Esote, you mentioned "worthy esoteric path" in your first post. The path that is followed in the forum here involves first seeing our condition as it is, without any rationalization or justification. What is seen can and has been described in words - but it never substitutes for glimpses of personal experience. So when you see that the joy, gratitude and beauty that you have been referring to are mostly mechanical reactions (barring perhaps very few fleeting glimpses of the genuine emotions), you may start looking at them differently. Again, there is nothing wrong with observing and appreciating those aspects of life which does bring us positive emotions. But until substantial progress has been made on this esoteric path, the majority of the experiences are predominantly negative in character. Turning away from such experiences and preferring to latch on and prolong positive feel-good states are considered to be detrimental to one's progress. Not saying that you are doing that but thought it would be worthwhile to raise this point in this context.


I will end this post with a short story (which I had first heard in a Buddhist context, if my memory serves me correctly) about a colony of lepers living in isolation in a deep forest. They lived in squalor and misery but since all of them never knew of any other way of living, they were happy. When their pain became too much to bear, they would rub themselves against the walls of a pit of hot coals which provided some measure of relief. They never went out of their colony and discouraged anyone from doing so.
One young man was dissatisfied with the life in the colony and decided to venture out on his own, against the wishes of the others. After a lot of trials and tribulations, he came to a big city where he met a physician who was able to cure him of his condition. He started living a normal life in the city. One day, he remembered the old colony that he came from and decided to visit it. When he came to the colony and saw his friends and family members rubbing themselves against burning coals to get some relief from their pain, his eyes filled with tears. He had a hard time reconciling to the fact that he himself had done the same thing thinking it was providing relief for his past condition. He begged them to come out of their colony and seek a real cure for their condition but they refused. They had convinced themselves that they were all quite happy in their present state and sought no solution.

fwiw
 
obyvatel said:
I would venture to say that you do not "know" that you are in some kind of prison. You have read about the concept and you have adopted it for the sake of communication. When you come to the stage of actually feeling this "prison" - in your body, heart and mind - then you will start having a different perspective about the reality we are in. But to come to that stage, you will need to persevere in a somewhat uncomfortable state - and not everyone can do that.

I do know since a relatively very long time that we are in a prison. And yet I know, or think I know you would say, that it is our interpretation due to our level of awareness. Being uncomfortable isn't a problem, for me at least, but fear is a heavy burden for everyone to wear :shock:

And not appreciating and being in the present moment as it is, because there is so much to fear, to fight, to endure, to learn... is part of the prison

There is nothing wrong with being grateful and finding joy in small things of life.

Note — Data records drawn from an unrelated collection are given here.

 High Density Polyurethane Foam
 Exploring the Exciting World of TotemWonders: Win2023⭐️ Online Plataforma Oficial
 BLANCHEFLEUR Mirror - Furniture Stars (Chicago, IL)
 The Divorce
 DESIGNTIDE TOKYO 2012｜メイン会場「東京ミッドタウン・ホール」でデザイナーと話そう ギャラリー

The way you have presented joy and gratitude however is much beyond the scope of basic 3D humans. One can feel "inner joy" when the stomach is full and people around treat you well - but that feeling usually disappears when external conditions are different. So there is really no "inner joy" - there is only momentary feelings of joy when things go in our favor. Same is usually true for gratitude. And realizing that it can be no other way since the basic 3D human is a reaction machine completely at the mercy of external environment and inner conditioning is in itself a big step.

You decided that there can't be no other way, because you think it's impossible. You may (must) be right, but it's still conditioning.

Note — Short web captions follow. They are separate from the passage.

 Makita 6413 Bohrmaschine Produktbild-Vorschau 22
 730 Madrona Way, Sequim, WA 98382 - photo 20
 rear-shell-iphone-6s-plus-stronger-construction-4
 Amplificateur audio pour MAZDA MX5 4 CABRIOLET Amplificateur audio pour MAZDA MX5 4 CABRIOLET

Our human consciousness 3D machine-system might be at the mercy of whatever, there is always free will...

Esote, you mentioned "worthy esoteric path" in your first post. The path that is followed in the forum here involves first seeing our condition as it is, without any rationalization or justification. What is seen can and has been described in words - but it never substitutes for glimpses of personal experience. So when you see that the joy, gratitude and beauty that you have been referring to are mostly mechanical reactions (barring perhaps very few fleeting glimpses of the genuine emotions), you may start looking at them differently. Again, there is nothing wrong with observing and appreciating those aspects of life which does bring us positive emotions. But until substantial progress has been made on this esoteric path, the majority of the experiences are predominantly negative in character. Turning away from such experiences and preferring to latch on and prolong positive feel-good states are considered to be detrimental to one's progress. Not saying that you are doing that but thought it would be worthwhile to raise this point in this context.

This is a very good point to raise in this context.

I have been referring to joy, gratitude and beauty because I wanted to know the kind of reactions I'd get from this forum, where it would be shared and appreciated by some of the members.
It's not that I am naive, but I think it is interesting, for me and a lot of people I guess, to dig into these issues.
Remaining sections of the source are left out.